I have not come across any sources that called the above a computer a language. However, the notation, symbolic logic, the compact nature of formulas and formatting code, and a number of other aspects associated with spreadsheets, fit the definition of a higher-level computer language. It also provides the versatility of a computer language, which is probably not apparent to most people that use spreadsheets.
Incidentally, Visual Basic, in Microsoft Excel, is generally referred to as a computer language, and is useful for creating macros. Visual Basic is very different than the spreadsheet computer language that I discussed above. However, the spreadsheet computer language can be converted to Visual Basic, but it can also be converted to JavaScript, and many other computer languages. Just like with the languages used by humans, translation is not always perfect. However, usually statements from one language can be translated to another, with both human and computer languages.

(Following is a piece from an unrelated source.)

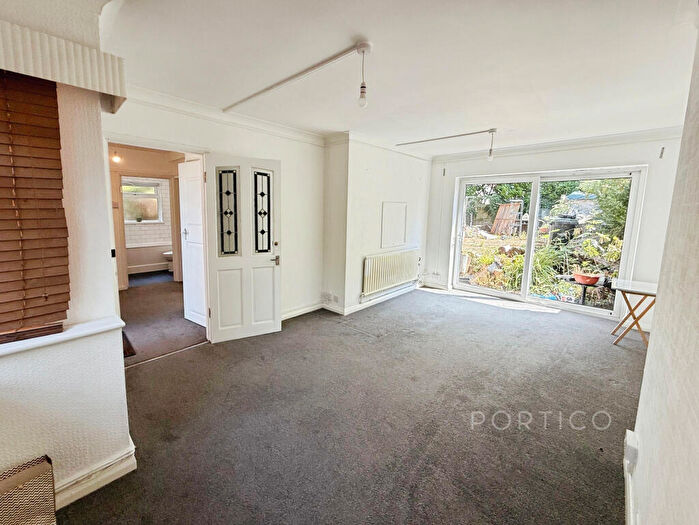 2 Bedroom Maisonette To Rent In Gladeside, Winchmore Hill, London, N21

The translation from the spreadsheet language to another computer language can be done manually or in many cases electronically, using specialized software. Manual translation may not be feasible in many cases. For example, the JavaScript version of the Multiple-Algebraic Calculator has over 4,000 lines of computer code, consisting of over 240,000 characters. When placed in a Microsoft Word document this code required over 95 pages. It would probably take an experienced JavaScript programmer many weeks if not months to translate the spreadsheet version of the Multiple-Algebraic Calculator to JavaScript manually. This would also require a programmer with expertise in algebra, trigonometry and calculus.
Electronic translation of a calculation device created in the spreadsheet format to another computer language usually takes the computer about a minute or two. (The Multiple-Algebraic Calculator was converted to JavaScript in less than two minutes.) However, computer code obtained from electronic translation usually requires a little editing to improve the appearance or functionality of a calculation device.
The Multiple-Algebraic Calculator, and
Useful Techniques for Advanced Spreadsheet Users
Most of the spreadsheet formulas I used to create the multiple algebraic calculator, I created by solving conventional equations, for the variable I needed. This essentially results in a conventional formula, which cannot be used in spreadsheets. I then converted these formulas into spreadsheet formulas by making a few modifications. This included using an asterisk (*) for multiplication, slashes (/) for division, and a carrot (^) with an appropriate number for square roots, cube roots, squares, etc. However, the resulting formulas required further modification, because they contained letters that spreadsheet software CANNOT identify, in mathematical terms.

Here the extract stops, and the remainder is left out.